Das Angebot klingt verlockend: 16.500 Euro Aufwandsentschädigung bietet das Deutsche Zentrum für Luft- und Raumfahrt für eine sogenannte Langzeit-Bettruhe-Studie. Doch ganz so einfach dürfte der Job nicht werden.

Voraussetzung: bis zum Ende dabeibleiben.

89 Tage soll die Studie dauern, für die Deutsche Zentrum für Luft- und Raumfahrt (DLR) derzeit Probanden sucht - ganze 60 Tage davon sollen komplett im Bett verbracht werden. Und Geld gibt es dafür auch noch: 16.500 Euro Aufwandsentschädigung versprechen die Forscher allen, die bis zum Ende dabeibleiben.

60 Tage im Bett verbringen? Nicht so einfach wie es klingt.

Denn die Forscher des DLR wollen mit dem Experiment die "negativen Effekte der Schwerelosigkeit" nachahmen. Negative Effekte? Das hört sich dann schon nur noch halb so gut an. Schließlich geht es um den "Abbau von Muskeln und Knochen und der Verschiebung der Körperflüssigkeiten in Richtung Kopf, wodurch das Herz-Kreislauf-System beeinträchtigt wird und Veränderungen im Auge auftreten können".

Auch sonst könnte die Studie durchaus unangenehme Begleiterscheinungen haben. Zwar soll jeder Proband ein Einzelzimmer bekommen, Besuch ist aber nicht erlaubt. Es kann also ganz schön langweilig werden. Zumal der Kopf 60 Tage lang immer unten bleiben muss, nicht mal ein Kissen ist erlaubt. Dafür darf man auf einen oberhalb des Bettes angebrachten Bildschirm schauen. Immerhin.

Pizzaverbot!

Auch die Ernährung ist vorgeschrieben und "genau auf den Bedarf des Probanden abgestimmt", wie es heißt. Bier, Pizza und Chips sollten Interessenten also nicht unbedingt erwarten. Zwischendurch finden immer wieder Untersuchungen statt. 
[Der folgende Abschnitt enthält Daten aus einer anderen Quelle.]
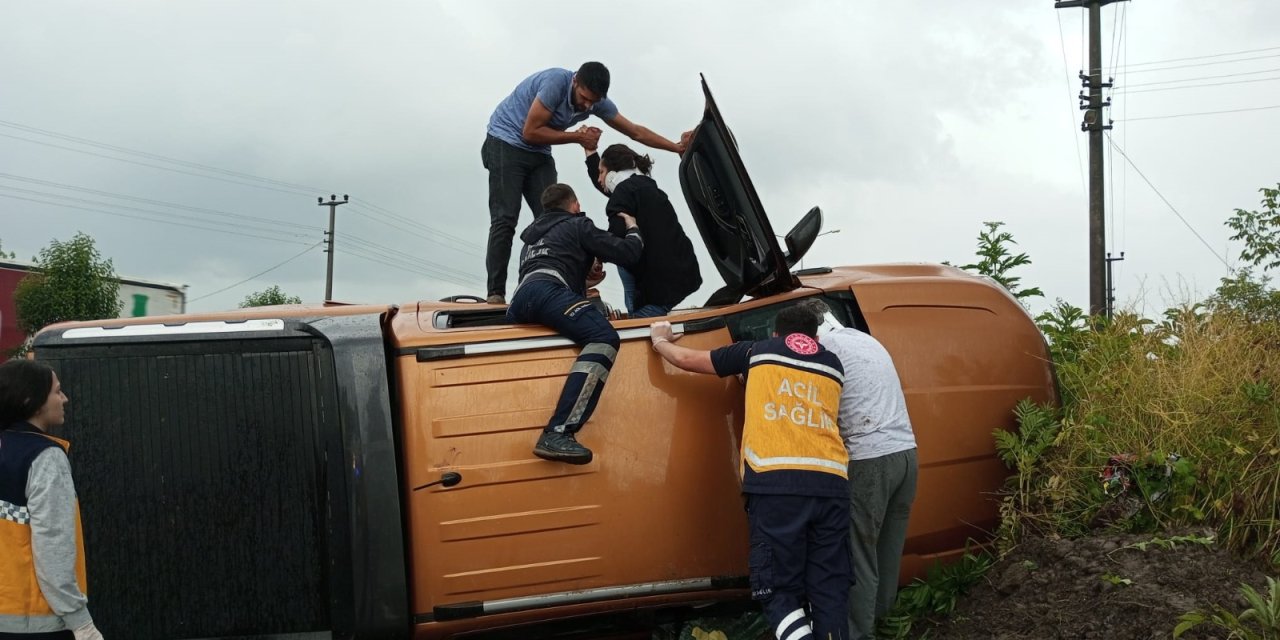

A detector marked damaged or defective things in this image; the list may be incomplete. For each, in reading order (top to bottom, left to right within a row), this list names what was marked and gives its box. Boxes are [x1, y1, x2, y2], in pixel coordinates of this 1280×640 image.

overturned orange van [35, 81, 1054, 640]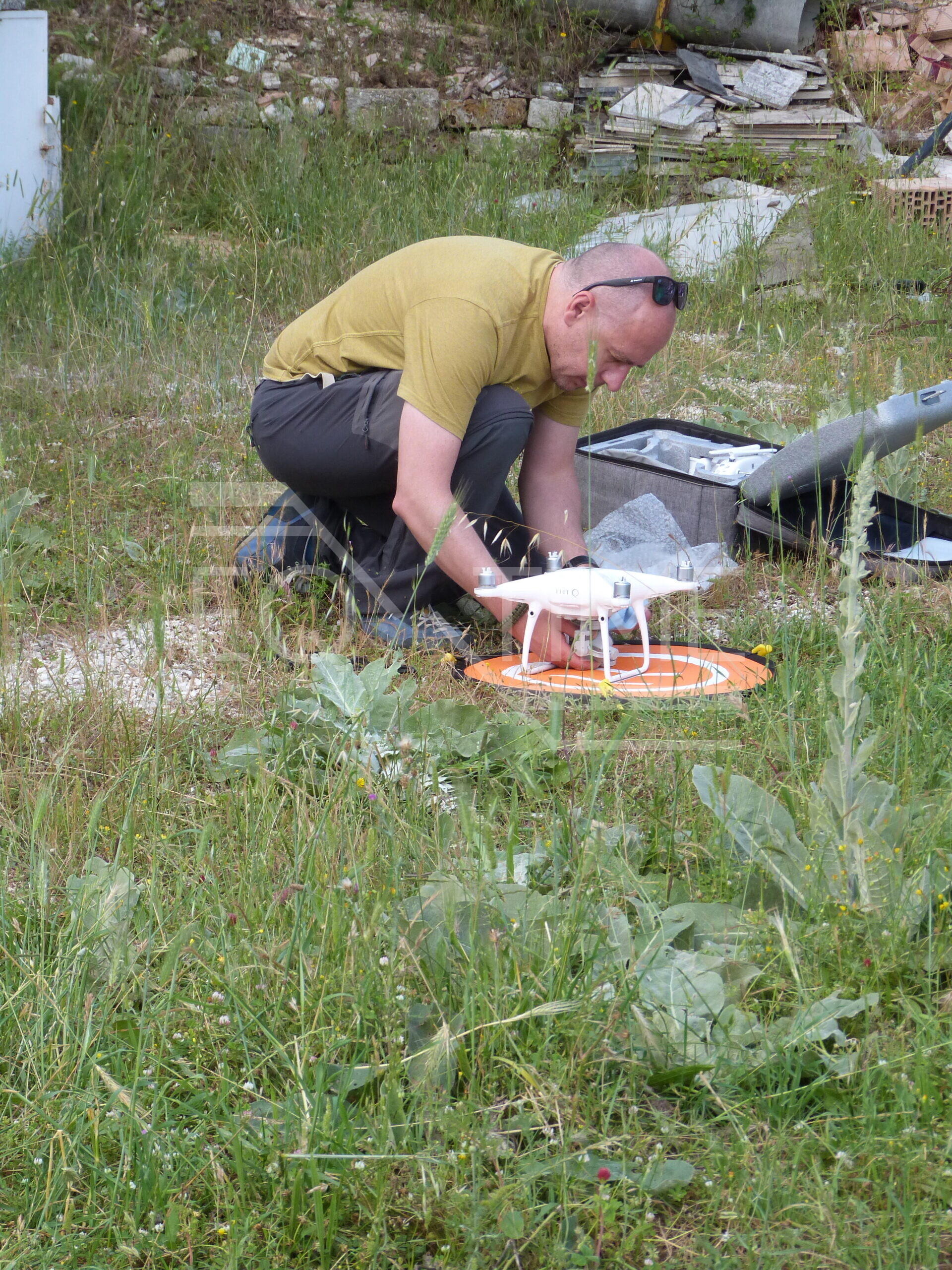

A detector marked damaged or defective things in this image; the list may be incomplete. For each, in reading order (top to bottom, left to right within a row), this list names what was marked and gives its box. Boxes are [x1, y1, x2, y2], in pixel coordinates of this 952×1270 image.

broken concrete slab [348, 85, 444, 130]
broken concrete slab [441, 97, 531, 128]
broken concrete slab [531, 96, 574, 128]
broken concrete slab [467, 127, 543, 159]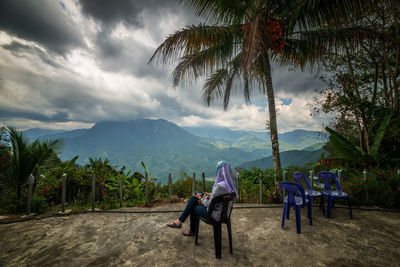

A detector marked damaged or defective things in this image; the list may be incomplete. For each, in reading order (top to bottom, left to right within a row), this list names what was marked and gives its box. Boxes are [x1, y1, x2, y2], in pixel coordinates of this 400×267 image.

Auch Duschen, Essen, Toilettengang werden kompliziert: "sämtliche Aktivitäten finden im Liegen statt", heißt es in der Stellenanzeige. Und Schummeln lohnt sich dabei nicht: "Die korrekte Körperhaltung wird dabei ständig per Kameraüberwachung kontrolliert."

Wer trotzdem mitmachen will: Das DLR sucht Frauen und Männer zwischen 24 und 55 Jahren. Studienort ist Köln; Raucher dürfen nicht mitmachen.

Dieser Text ist zuerst auf SPIEGEL ONLINE erschienen.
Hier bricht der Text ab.